Although the records include pictures, print only the rest, exactly as written.

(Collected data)
###
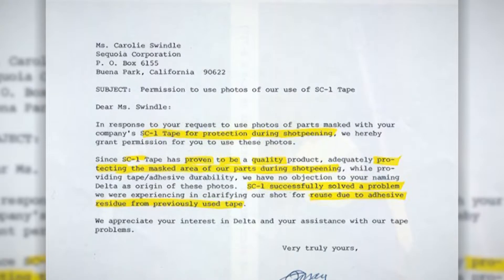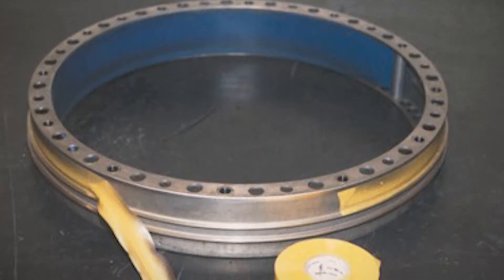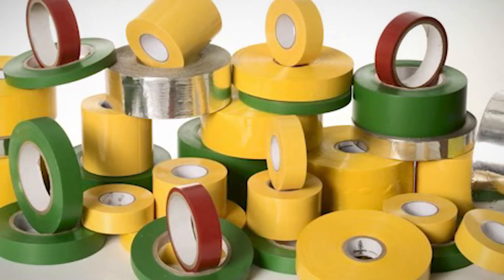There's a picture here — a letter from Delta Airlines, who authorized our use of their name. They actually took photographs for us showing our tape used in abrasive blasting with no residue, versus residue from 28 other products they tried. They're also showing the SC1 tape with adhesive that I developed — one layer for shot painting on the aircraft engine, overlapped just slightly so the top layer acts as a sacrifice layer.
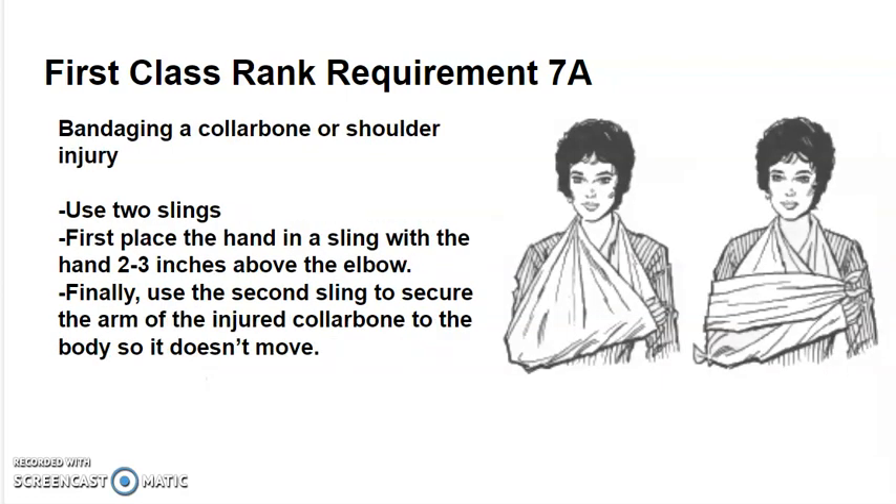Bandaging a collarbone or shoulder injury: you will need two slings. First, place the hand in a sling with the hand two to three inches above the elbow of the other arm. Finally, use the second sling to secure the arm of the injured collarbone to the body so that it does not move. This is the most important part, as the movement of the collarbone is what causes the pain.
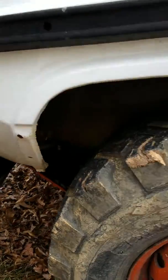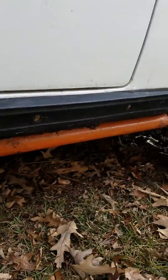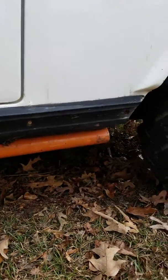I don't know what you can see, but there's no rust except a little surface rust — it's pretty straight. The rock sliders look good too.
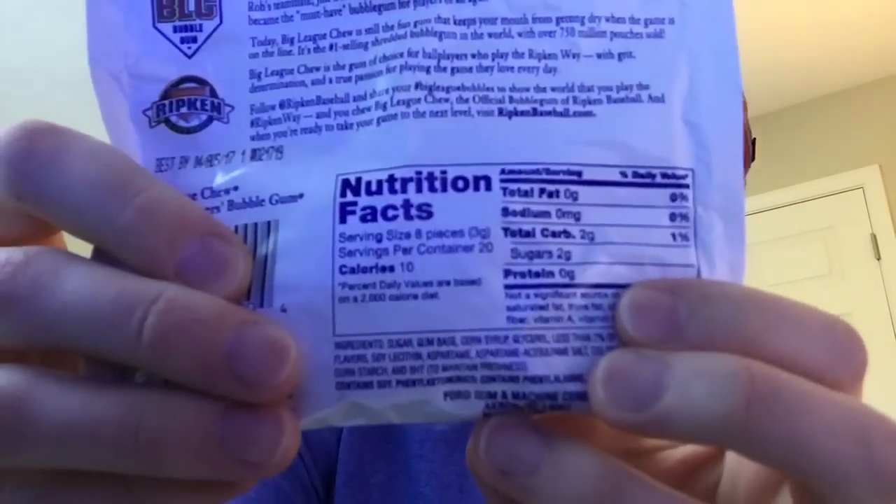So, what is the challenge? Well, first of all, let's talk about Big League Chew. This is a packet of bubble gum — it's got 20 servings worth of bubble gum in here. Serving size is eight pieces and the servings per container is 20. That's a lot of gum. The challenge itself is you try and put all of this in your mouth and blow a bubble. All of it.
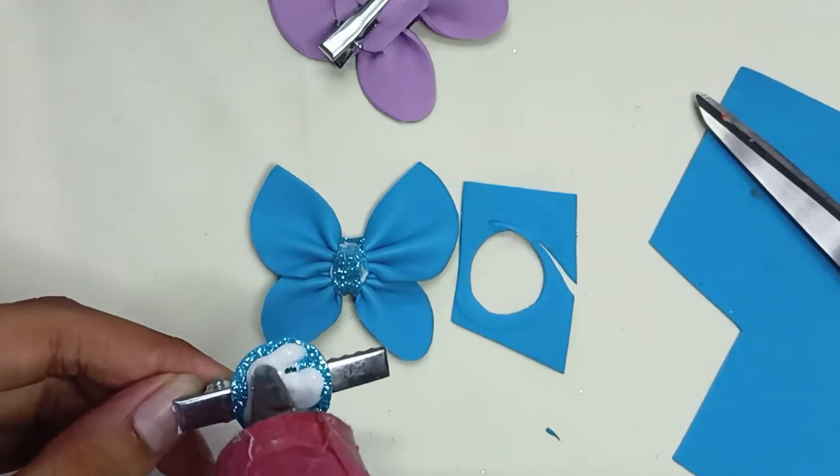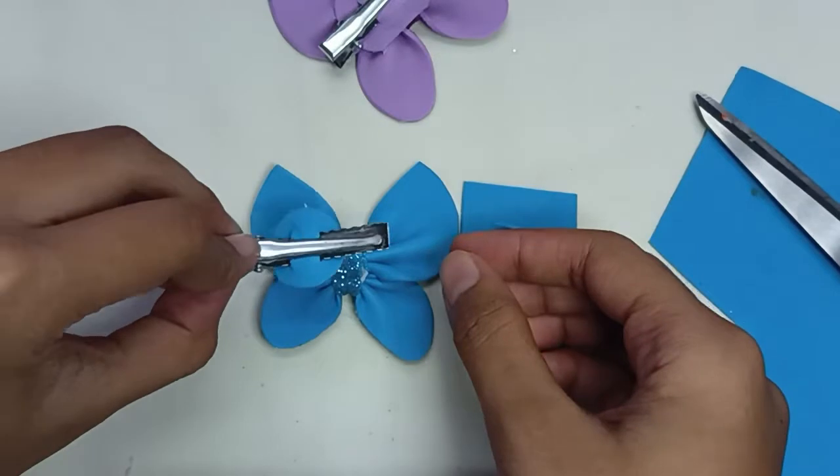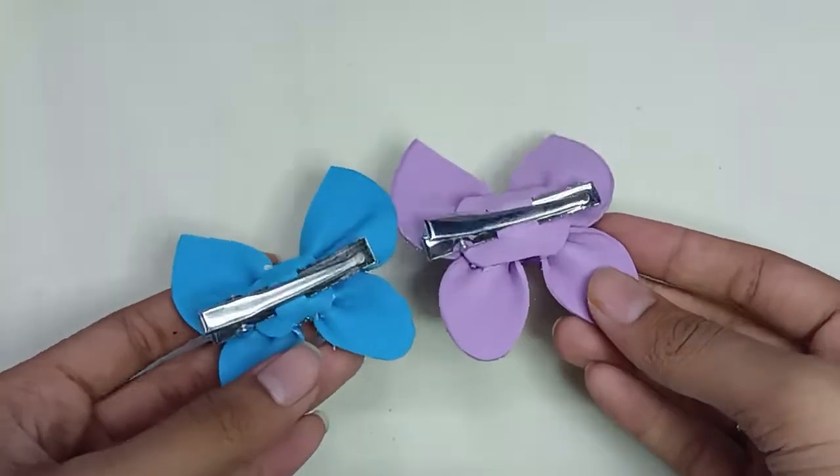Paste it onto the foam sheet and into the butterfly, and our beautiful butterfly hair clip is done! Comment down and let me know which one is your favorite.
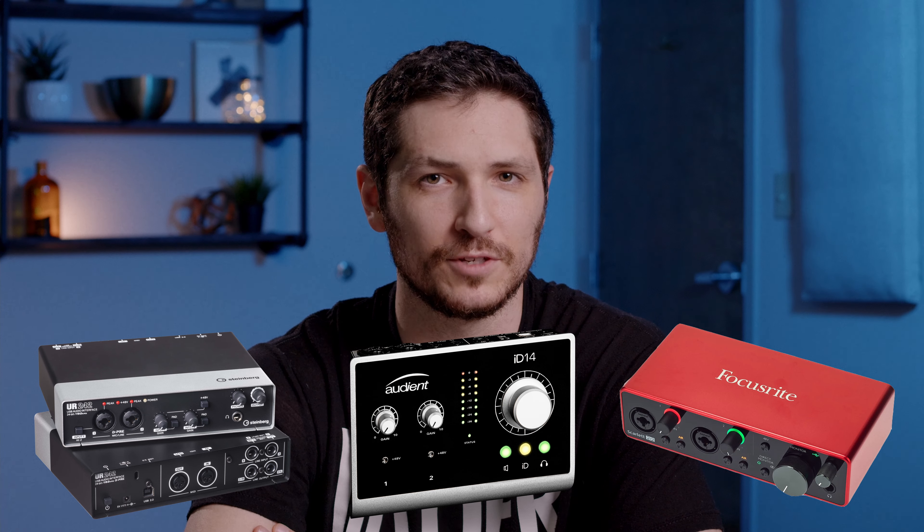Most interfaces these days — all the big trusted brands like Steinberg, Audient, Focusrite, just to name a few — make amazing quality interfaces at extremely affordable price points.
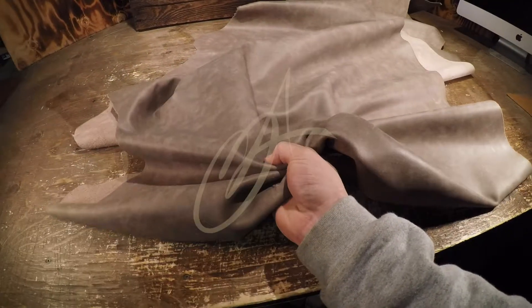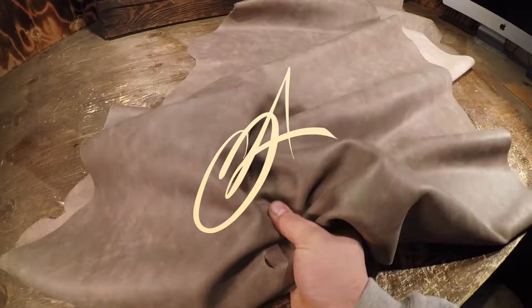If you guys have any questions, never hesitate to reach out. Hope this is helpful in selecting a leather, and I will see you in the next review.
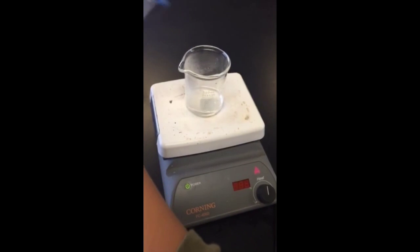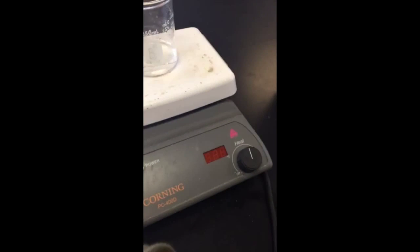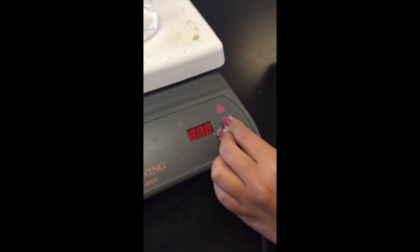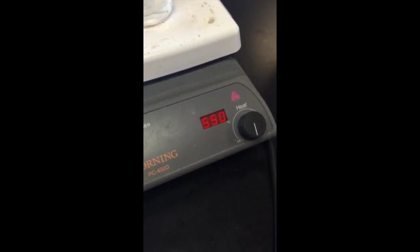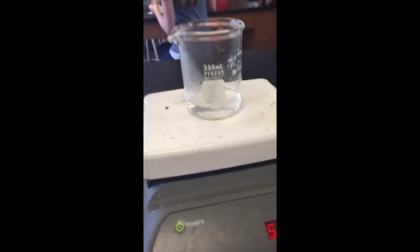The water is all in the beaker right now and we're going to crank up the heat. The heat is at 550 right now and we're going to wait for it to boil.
###
Result:
There's a picture here — a letter from Delta Airlines, who authorized our use of their name. They actually took photographs for us showing our tape used in abrasive blasting with no residue, versus residue from 28 other products they tried. They're also showing the SC1 tape with adhesive that I developed — one layer for shot painting on the aircraft engine, overlapped just slightly so the top layer acts as a sacrifice layer.
Bandaging a collarbone or shoulder injury: you will need two slings. First, place the hand in a sling with the hand two to three inches above the elbow of the other arm. Finally, use the second sling to secure the arm of the injured collarbone to the body so that it does not move. This is the most important part, as the movement of the collarbone is what causes the pain.
I don't know what you can see, but there's no rust except a little surface rust — it's pretty straight. The rock sliders look good too.
So, what is the challenge? Well, first of all, let's talk about Big League Chew. This is a packet of bubble gum — it's got 20 servings worth of bubble gum in here. Serving size is eight pieces and the servings per container is 20. That's a lot of gum. The challenge itself is you try and put all of this in your mouth and blow a bubble. All of it.
Paste it onto the foam sheet and into the butterfly, and our beautiful butterfly hair clip is done! Comment down and let me know which one is your favorite.
Most interfaces these days — all the big trusted brands like Steinberg, Audient, Focusrite, just to name a few — make amazing quality interfaces at extremely affordable price points.
If you guys have any questions, never hesitate to reach out. Hope this is helpful in selecting a leather, and I will see you in the next review.
The water is all in the beaker right now and we're going to crank up the heat. The heat is at 550 right now and we're going to wait for it to boil.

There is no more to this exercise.